The pictures of the band paying their respects have been widely circulated, and seem to be touching a nerve with people, in part because U2 have a strange knack for getting entangled in hardships and tragedy taking place in the world. There's little doubt that they see themselves as a band with a calling beyond the music world, with a duty to mankind to publicize injustices and to aid in the healing process during tough times. There was Live Aid (1985), the Salman Rushdie dial-ins (early 90's), the concert in Madison Square Garden after 9/11, the appearance at Live 8 (2005), and now the Paris concert, which will surely be rescheduled and draw a far larger viewing audience than it would have had it proceeded as planned. Finally, there was arguably the most famous concert of their career, at the Superbowl halftime show in 2002.
That show has been praised and ridiculed in equal measure -- a microcosm of the polarizing opinions that U2 have generated for virtually their entire career. It regularly gets ranked among the best Superbowl halftime shows ever, if not the very best ever, because of its importance as a cathartic moment at the most intrinsically American cultural event only a few short months after the 9/11 attacks. It gets ridiculed for ... well, mainly for Bono's hokey reveal of the American flag inside his jacket at the end of the show. And for the "America ... fuck yeah!" jingoism of telling the country that everything will be OK in the context of a football game that means nothing in the life or death grand scheme of things. And for being U2 by the usual people who don't like U2.
The truth is, I never really understood the hate. Like it or not, the halftime show of the post 9/11 SB was going to be an event forced upon some band that would be expected to deliver in the moment. It wasn't the time or place for a solemn ceremony, but getting on with business as usual wasn't what was needed either. That middle ground is almost impossibly difficult to inhabit -- acknowledging the events without getting preachy, conveying emotions without getting emotional, projecting dynamism from the stage without falling prey to jock rock tropes. If not U2, then who? Which band could hit upon precisely the appropriate tone, on that big a stage, with that size of a viewing audience, with songs that most of the country was familiar with, and accomplish it all in twelve minutes or less?

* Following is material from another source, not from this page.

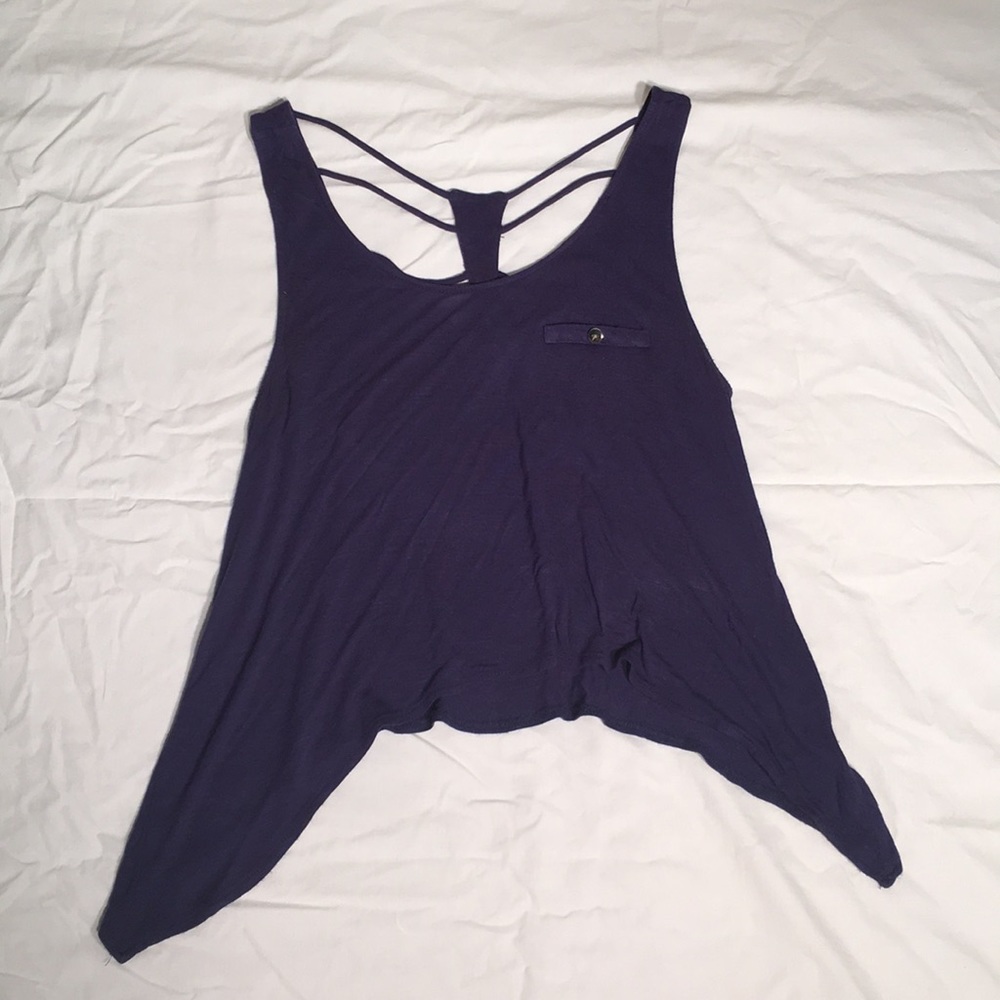 Blue Tank Top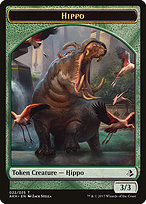 Hippo (AKH-022) - common - Foil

Today I watched U2's Superbowl halftime show for the first time in nearly fourteen years.
At the time I could barely focus. I scarcely believe that the Patriots were not only playing in this game, but had taken a big lead into halftime. I was at a party with people who were not very emotionally invested in the game, and was in general somewhat distracted in all the usual ways that parties can distract you from what's happening on a TV in the corner of a room.
And yet, even without having seen the concert since it was aired, I felt I could recall its key moments in vivid detail -- the heart shaped stage, the scrolling names, the setlist, the American flag in Bono's jacket. Of course there were plenty of small details I missed. The crowd on the field looked at genuine as Superbowl crowds get. They were energetic and very very loud. This was not a crowd of people who were there to look happy on TV. There was not a single American flag on display as part of the show, with the exception of Bono's jacket. Simple, classy. The roll call of names only reached the "C"'s, which actually helped to underscore the scale of the tragedy. There were absolutely no dancers, special guests, projections (other than the names of 9/11 victims at the end), complex light shows, or anything even remotely frilly or garish. It was just U2 and their perfectly chosen three song set. The significance of the second song -- an interlude of "MLK" as the intro to "Where the Streets Have No Name" -- certainly eluded me at the time.

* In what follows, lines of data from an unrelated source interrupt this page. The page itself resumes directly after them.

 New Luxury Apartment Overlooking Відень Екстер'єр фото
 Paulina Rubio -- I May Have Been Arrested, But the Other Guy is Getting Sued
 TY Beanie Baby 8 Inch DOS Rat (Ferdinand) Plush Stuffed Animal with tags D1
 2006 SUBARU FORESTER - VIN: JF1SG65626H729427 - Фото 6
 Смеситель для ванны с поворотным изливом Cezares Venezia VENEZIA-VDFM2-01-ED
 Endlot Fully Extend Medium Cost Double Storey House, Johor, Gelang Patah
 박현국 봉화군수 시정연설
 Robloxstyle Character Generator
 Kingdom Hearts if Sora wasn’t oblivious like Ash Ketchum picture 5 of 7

The backstory is also more complicated than I realized at the time. Apparently Janet Jackson was originally booked, but pulled out. U2 originally wanted to put on a much more extravagant show, but those plans were nixed. It's hard to believe they could done better than they did. They hit upon all of the proper subtleties that turned their set into one extended poignant tribute without smashing you over the head and declaring "this is a tribute!" like many bands would have.
So it shouln't come as much of a surprise that U2 touched so many people in Paris today without playing a note of music or saying a word.